John Butler-Adam of the Ford Foundation speculated that most idle youngsters are "at home, or wandering the streets, or both. Joining gangs will be an option - a social security blanket" - and crime is an option.
"They could be a social time bomb and could start taking social action. They are a lost generation and need to be found," he said, referring to recent looting by beleaguered unemployed people at a protest in Durban.
The study examined attendance at educational institutions in the 18-to-24-year age group for 1996, 2001 and 2007. While South Africa's population grew and more learners were studying, in real terms there was a decline in the number attending educational institutions.
While 46% of 21-year-olds were studying in 1996, this dropped to 36% in 2001 and 32% in 2007. At the same time, the number of learners in secondary schools has grown. In 2007, 508,600 youths had not reached grade 10, and almost a million left school after completing grade 10.
"This is not only an enormous waste of educational resources, but it is also the group that seems the most vulnerable to unemployment," the study points out, adding that "the decrease in participation [in educational institutions] for the 18-to-24-year age group severely affects the life opportunities of young people".
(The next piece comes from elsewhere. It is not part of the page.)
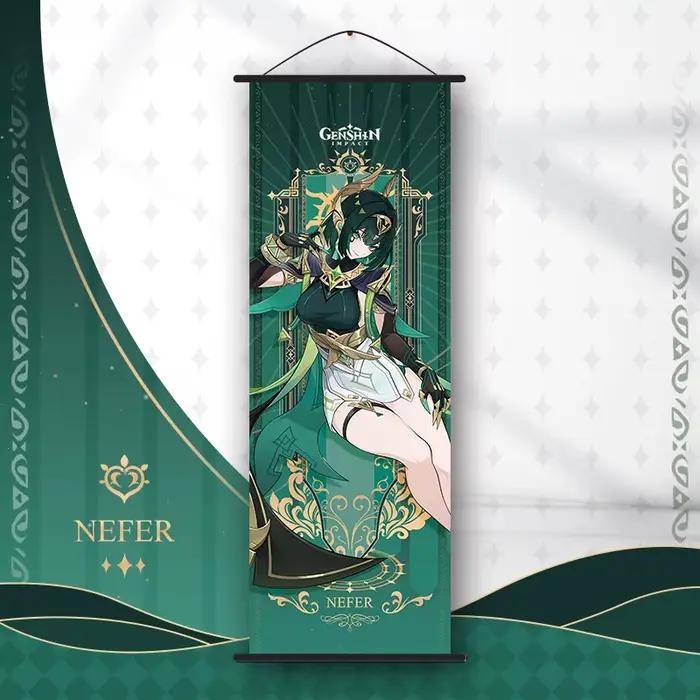 Impression sur toile Impact Colombina Flins Nefer Arlecchino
Butler-Adam believes learners could be dropping out before reaching grade 10 for financial reasons, or because they are "frustrated that schools are not serving them well".
Pointing out that the number of unemployed youths not receiving education or training has increased since 2007, he warned that the number will continue to grow each year as young people leave school without completing grade 12, as grade 12 leavers fail to find jobs or gain access to universities, and as university students drop out.
The report of the study argues for the expansion of educational and training and internship opportunities and special youth-service programmes. In particular it recommends that the existing Further Education and Training (FET) vocational college sector be enlarged and strengthened.
One option is for some FET colleges to be franchised by universities to offer programmes and award credits towards university degrees.
Seamus Needham of the University of the Western Cape said public FET colleges are running three-year programmes, but learners needed to earn an income. "It's not a realistic option," he said, adding that shorter courses are needed.
Butler-Adam agreed that a wider range of educational institutions is required to absorb the youth. But he said: "We can't afford to continue like this. We need people with skills, who pay taxes and strengthen and enrich society."